With the Tuckasegee River flowing just downhill from the range, the DEQ thought it best to take those still high levels seriously. 

“What we’re attempting to do is get more and better information about where this lead contamination may be moving,” Kritzer said. “In other words, does it present any kind of concerns to the nearby Tuckasegee River? If there’s runoff from the site, does it present any kind of groundwater concerns if there are well users down-gradient? It’s just sort of being as safe as we possibly can.”

Generally speaking, lead contamination doesn’t spread easily. It tends to bind with the soil and resists degradation. However, when concentrations get too high water can drive lead particles deeper and deeper into the soil, a process called leaching. Leaching can present an especially high risk when the contaminated area is nearby a body of water — and, in the case of the SCC shooting range, the contaminated area is just uphill from the Tuck. 

“There may be a need for more monitoring wells if we see something that’s unusual,” Kritzer said. “The geology in the mountains is a little more complex than it is in the coastal plain, so knowing where the water moves beneath the ground is a little more tricky.”

The DEQ’s plan is to install a cap — made of synthetic liner, clay soil or both — along the bottom of the excavated area and then to engineer the area to create a sediment retention pond that would capture any lead-contaminated runoff coming from the shooting range. Because lead is a heavy metal, Kritzer said, any contamination would settle to the bottom and could then be dredged out periodically. 

The monitoring wells, each about 50 feet deep, would then be installed to get an idea of how far below the ground contamination persists and how — or if — it is interacting with groundwater. That information would then be used to determine whether additional contaminated soil must be excavated. 

The DEQ is making recommendations on the project, but the agency is not funding remediation. That responsibility falls to Jackson County, which owns the property leased for the shooting range and is also the funding source for capital needs at the community college. 

At this point, it’s unknown how much it might cost to implement all of the DEQ’s recommendations, or how long it might take to complete.

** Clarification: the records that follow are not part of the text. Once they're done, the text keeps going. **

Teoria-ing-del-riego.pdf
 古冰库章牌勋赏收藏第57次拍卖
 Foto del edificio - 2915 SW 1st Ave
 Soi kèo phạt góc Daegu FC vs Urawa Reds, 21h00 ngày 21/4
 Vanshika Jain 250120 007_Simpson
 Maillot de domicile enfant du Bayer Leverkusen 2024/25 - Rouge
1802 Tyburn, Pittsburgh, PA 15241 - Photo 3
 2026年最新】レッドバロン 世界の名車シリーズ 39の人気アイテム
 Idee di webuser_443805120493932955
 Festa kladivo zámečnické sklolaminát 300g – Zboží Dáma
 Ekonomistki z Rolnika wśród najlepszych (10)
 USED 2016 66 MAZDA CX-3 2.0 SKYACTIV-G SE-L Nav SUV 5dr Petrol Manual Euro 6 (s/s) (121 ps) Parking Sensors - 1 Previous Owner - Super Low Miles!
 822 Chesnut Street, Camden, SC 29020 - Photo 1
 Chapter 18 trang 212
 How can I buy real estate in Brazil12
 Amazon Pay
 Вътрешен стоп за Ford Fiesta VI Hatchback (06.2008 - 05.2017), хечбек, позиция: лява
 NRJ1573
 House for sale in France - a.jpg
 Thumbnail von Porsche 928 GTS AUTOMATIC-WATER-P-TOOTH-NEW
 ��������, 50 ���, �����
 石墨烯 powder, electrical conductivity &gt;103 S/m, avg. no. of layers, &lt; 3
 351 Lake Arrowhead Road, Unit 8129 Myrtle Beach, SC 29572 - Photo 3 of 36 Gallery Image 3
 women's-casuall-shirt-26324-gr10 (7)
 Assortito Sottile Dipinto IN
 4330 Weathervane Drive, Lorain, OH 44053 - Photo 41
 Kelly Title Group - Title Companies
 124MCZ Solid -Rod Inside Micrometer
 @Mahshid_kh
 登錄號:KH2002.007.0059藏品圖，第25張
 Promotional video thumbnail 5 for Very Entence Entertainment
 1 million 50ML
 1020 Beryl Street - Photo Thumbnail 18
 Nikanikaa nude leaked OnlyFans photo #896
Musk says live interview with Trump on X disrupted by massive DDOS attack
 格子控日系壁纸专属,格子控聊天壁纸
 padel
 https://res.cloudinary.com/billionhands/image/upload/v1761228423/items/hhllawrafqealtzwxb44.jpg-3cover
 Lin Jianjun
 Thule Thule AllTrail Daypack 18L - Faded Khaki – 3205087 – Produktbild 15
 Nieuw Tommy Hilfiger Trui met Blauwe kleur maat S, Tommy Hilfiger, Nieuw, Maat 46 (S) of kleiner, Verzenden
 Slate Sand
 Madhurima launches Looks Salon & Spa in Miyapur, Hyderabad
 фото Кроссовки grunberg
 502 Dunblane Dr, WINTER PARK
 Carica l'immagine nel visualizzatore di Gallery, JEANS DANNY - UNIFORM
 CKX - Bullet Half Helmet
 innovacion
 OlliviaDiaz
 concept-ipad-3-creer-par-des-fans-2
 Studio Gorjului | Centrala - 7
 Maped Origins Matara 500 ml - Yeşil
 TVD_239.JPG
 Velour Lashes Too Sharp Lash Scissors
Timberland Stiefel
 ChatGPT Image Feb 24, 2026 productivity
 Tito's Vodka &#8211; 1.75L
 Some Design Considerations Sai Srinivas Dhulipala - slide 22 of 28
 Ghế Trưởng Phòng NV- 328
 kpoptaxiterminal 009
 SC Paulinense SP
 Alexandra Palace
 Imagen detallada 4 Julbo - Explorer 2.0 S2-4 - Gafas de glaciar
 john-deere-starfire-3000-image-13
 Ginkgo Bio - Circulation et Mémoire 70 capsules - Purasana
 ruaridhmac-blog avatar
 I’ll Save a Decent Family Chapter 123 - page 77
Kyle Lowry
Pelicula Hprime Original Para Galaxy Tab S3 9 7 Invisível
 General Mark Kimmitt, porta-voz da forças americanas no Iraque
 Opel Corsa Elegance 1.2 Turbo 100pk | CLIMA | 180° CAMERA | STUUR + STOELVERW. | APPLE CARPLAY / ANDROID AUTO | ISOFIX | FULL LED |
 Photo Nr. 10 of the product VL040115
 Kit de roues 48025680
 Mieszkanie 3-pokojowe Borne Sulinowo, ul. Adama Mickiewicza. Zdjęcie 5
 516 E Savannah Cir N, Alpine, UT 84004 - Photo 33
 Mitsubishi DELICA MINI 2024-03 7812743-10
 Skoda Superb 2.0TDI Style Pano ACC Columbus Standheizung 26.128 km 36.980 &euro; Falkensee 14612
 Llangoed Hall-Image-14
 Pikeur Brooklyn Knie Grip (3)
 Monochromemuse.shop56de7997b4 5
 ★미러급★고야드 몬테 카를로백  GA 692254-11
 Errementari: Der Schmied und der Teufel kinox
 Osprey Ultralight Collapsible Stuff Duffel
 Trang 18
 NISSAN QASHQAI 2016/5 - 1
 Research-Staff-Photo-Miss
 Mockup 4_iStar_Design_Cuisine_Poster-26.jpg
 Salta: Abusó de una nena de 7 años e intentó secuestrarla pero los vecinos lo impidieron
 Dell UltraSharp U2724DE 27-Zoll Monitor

A civil engineer would need to design the sediment pond and cap. SCC President Don Tomas told commissioners last week that the four wells are estimated to cost about $14,400 to install.

“That’s a good deal,” responded Commissioner Mickey Luker. 

Tomas said that the ongoing monitoring cost would be “pretty insignificant,” likely consisting of an annual round of sampling and testing. The sediment pond would also have to be dredged periodically and the material bleached and disposed of. 

It’s possible that the recommendations could be implemented without the county allocating any additional funding, Tomas added. In July, commissioners approved bids totaling $237,000 for CCI to treat and remove the soil and ECS to oversee the project. However, of those funds only about $105,000 has been paid out thus far. When invoices for this phase of the project are settled, about $100,000 is expected to remain in reserve.

Work to install the monitoring wells would likely begin in January, Tomas told commissioners. According to Kritzer, the DEQ would like to see the wells installed within the first quarter of 2017. 

“This firing range is very useful to the community and to local law enforcement,” Kritzer said, “so the intention is to continue using it but at the same time let’s do what we can to protect public health.”